The list/cons reader is mildly fiddly: most of the fiddliness is dealing with consing dots which it does by a slightly disgusting trick: it installs a secret token parser which will parse a consing dot as a special object if a dynamic variable is true, but otherwise will raise an exception. The cons reader then binds this variable appropriately to make sure that consing dots are parsed only where they are allowed. Obviously the list/cons reader invokes the whole reader recursively in many places.

And that’s all the macro characters. So, for instance in the default setup, ' would read as a symbol (or a cymbal). But you can just install a macro character:

(defvar *qr-reedtable* (copy-reedtable nil))

(setf (reedtable-macro-character #\' *qr-reedtable*)
      (lambda (from quote table)
        (declare (ignore quote))
        (values `(quote ,(reed :from from :reedtable table))
                (inch from nil))))

And now 'x will read as (quote x) in *qr-reedtable*.

Similarly you could add a more compllicated macro character on # to read objects depending on their next character in the way CL does.

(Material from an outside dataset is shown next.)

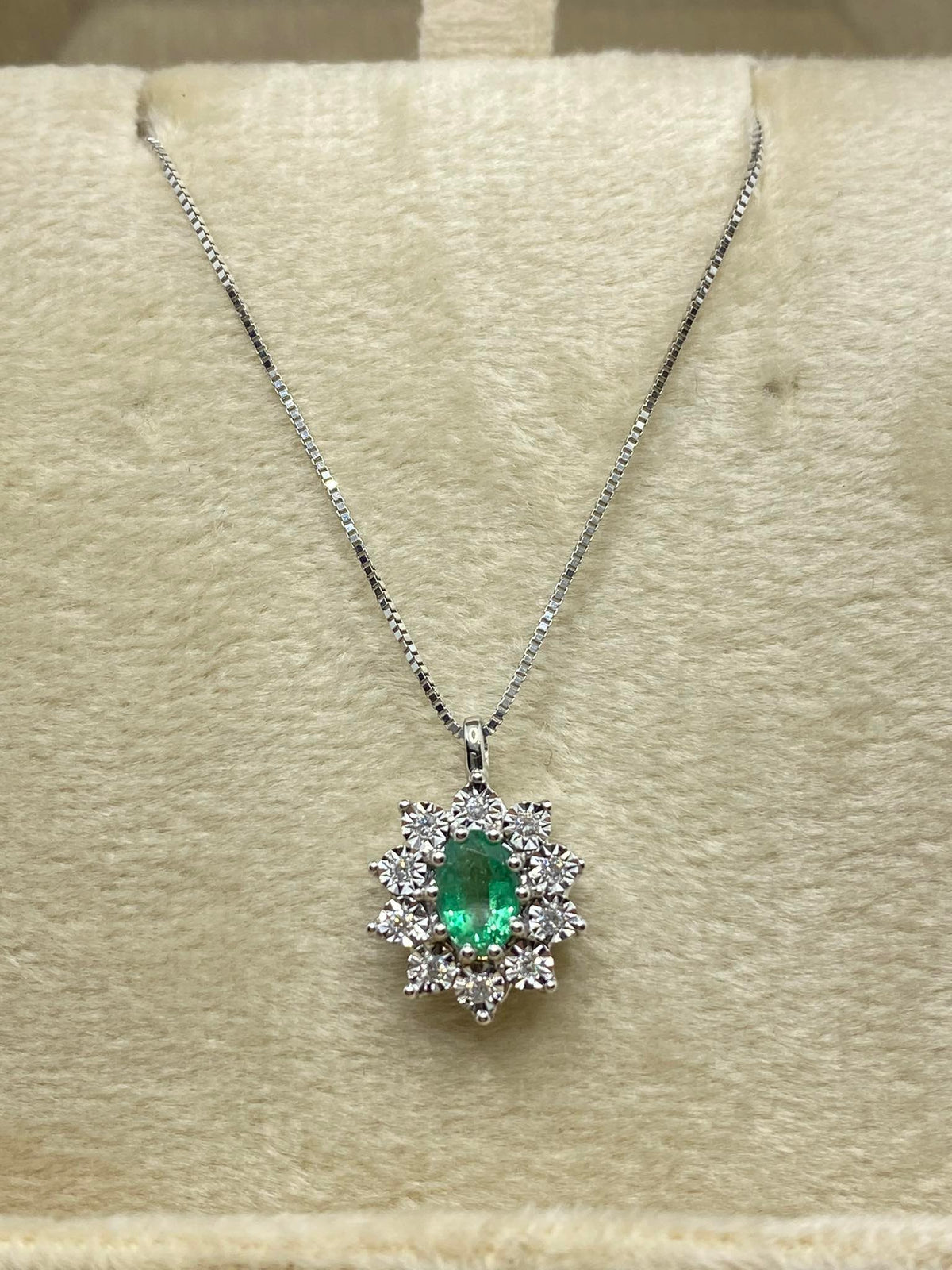 Collana Donna Oro 18KT con Smeraldo e Diamanti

An example of the quote reader. Before:

> (with-input-from-string (in "'(x y . z)")
    (reed :from in :reedtable *qr-reedtable*))
\'

The object it has returned is a symbol whose name is "'", and it didn’t read beyond that of course. After:

> (with-input-from-string (in "'(x y . z)")
    (reed :from in :reedtable *qr-reedtable*))
`(x y . z)

Other notes

Everything works one-character-ahead, so all of the various functions get the stream being read, the first character they should be interested in and the reedtable, and return both their value and the next character. This avoids endlessly unreading characters (and probably tells you what grammar class it can handle natively (obviously macro character parsers can do whatever they like so long as things are sane when they return).

It probably doesn’t use anything which isn’t moderately implementable in non-Lisp languages. Some

It’s a toy: it may be interesting to read but it’s not suitable for any serious use. I found at least one bug while writing this: there will be many more.


Caveat emptor: monsters still lurk in the shadows.

  1. I make no apologies for the pun. 

  2. There should be documentation on argument and return conventions, at least: one day.